GCP-Based DGX Cloud Create Cluster Configuration#
This section provides specific details about configurations or customizations available in GCP-based DGX Cloud Create clusters.
GCP TCPXO Networking#
DGX Cloud Create clusters in Google GKE provide TCPXO to enable high-speed distributed computing. DGXC customers can use this fabric to enable GPUDirect RDMA, NCCL, and MPI for distributed workloads.
While many container images built for distributed computing already bundle tools like MPI and NCCL, workloads that want to take advantage of TCPXO should use the stack provided by DGX Cloud Create.
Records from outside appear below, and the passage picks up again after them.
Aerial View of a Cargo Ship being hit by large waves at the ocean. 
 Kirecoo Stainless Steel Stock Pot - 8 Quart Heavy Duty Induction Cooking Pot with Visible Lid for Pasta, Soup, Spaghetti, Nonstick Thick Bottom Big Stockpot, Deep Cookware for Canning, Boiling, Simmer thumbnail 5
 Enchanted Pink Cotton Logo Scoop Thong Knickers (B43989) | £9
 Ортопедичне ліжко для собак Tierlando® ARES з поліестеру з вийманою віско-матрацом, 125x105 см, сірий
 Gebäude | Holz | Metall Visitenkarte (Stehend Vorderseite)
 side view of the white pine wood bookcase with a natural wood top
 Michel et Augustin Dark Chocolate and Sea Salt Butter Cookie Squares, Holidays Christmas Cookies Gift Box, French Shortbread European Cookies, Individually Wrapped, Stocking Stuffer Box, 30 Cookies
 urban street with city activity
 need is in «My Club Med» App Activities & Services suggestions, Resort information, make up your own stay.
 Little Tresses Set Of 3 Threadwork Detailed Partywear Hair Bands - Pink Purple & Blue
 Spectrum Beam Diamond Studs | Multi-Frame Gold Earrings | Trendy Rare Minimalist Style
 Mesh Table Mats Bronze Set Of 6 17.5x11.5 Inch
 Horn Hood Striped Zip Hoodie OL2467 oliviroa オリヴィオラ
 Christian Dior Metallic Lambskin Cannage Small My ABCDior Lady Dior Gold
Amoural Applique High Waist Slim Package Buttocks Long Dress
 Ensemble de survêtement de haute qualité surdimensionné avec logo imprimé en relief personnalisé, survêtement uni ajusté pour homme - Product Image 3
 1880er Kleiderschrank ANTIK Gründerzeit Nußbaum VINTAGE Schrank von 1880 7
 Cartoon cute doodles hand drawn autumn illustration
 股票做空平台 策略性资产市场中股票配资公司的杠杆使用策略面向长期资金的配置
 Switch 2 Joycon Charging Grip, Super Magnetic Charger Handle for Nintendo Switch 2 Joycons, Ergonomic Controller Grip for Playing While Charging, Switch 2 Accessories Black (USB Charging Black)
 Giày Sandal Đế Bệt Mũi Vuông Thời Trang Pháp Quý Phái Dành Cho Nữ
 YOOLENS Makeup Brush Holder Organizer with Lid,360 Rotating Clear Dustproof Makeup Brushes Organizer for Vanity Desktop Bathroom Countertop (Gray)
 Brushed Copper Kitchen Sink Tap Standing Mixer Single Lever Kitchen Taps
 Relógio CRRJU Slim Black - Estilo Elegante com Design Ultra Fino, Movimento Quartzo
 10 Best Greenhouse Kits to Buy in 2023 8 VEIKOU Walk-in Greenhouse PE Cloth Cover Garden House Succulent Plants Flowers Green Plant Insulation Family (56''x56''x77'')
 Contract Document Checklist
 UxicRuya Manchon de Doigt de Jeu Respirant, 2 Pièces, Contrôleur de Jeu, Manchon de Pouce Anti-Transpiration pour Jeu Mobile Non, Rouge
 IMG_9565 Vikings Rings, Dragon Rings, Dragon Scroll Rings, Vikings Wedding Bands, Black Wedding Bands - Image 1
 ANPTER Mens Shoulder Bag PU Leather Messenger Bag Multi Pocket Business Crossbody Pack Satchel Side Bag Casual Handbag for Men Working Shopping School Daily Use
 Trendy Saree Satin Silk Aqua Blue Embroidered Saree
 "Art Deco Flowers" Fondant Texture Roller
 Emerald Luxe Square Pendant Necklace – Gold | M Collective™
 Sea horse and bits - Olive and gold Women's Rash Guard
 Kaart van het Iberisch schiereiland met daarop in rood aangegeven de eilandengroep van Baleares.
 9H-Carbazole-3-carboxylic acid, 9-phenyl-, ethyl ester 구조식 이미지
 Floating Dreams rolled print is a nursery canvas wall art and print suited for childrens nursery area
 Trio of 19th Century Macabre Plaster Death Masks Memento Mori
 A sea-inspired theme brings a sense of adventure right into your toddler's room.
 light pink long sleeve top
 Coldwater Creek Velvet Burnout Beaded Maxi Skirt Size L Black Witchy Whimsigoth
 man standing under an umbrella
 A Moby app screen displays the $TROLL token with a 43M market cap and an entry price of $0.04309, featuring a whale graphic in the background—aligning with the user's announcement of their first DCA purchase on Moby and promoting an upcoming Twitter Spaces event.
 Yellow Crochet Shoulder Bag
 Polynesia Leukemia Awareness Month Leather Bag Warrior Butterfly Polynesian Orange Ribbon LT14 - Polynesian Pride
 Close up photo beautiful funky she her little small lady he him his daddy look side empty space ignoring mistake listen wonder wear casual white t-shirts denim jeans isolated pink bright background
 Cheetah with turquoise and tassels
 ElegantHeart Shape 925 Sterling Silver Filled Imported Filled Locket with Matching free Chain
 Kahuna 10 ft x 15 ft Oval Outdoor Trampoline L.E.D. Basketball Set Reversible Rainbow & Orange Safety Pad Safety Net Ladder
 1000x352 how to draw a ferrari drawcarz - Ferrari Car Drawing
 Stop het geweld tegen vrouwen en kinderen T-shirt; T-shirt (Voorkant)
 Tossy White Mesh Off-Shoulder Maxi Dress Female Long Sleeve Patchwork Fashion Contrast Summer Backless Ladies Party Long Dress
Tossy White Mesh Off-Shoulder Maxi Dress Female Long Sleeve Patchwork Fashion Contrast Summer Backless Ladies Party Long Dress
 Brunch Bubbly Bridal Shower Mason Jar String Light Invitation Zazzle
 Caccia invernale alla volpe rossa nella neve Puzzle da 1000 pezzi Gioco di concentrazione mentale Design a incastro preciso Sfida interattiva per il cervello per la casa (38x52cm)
DGXC provides the required environment variables and TCPXO network driver automatically to pods launched as multi-node distributed MPIJob or PyTorchJob by mutating their pod definitions.
Automatic TCPXO Enablement#
TCPXO is automatically enabled for workload requests of 8 GPU from an H100 node. TCPXO enablement consists of:
The insertion of a TCPXO driver sidecar container into the workload pod specification.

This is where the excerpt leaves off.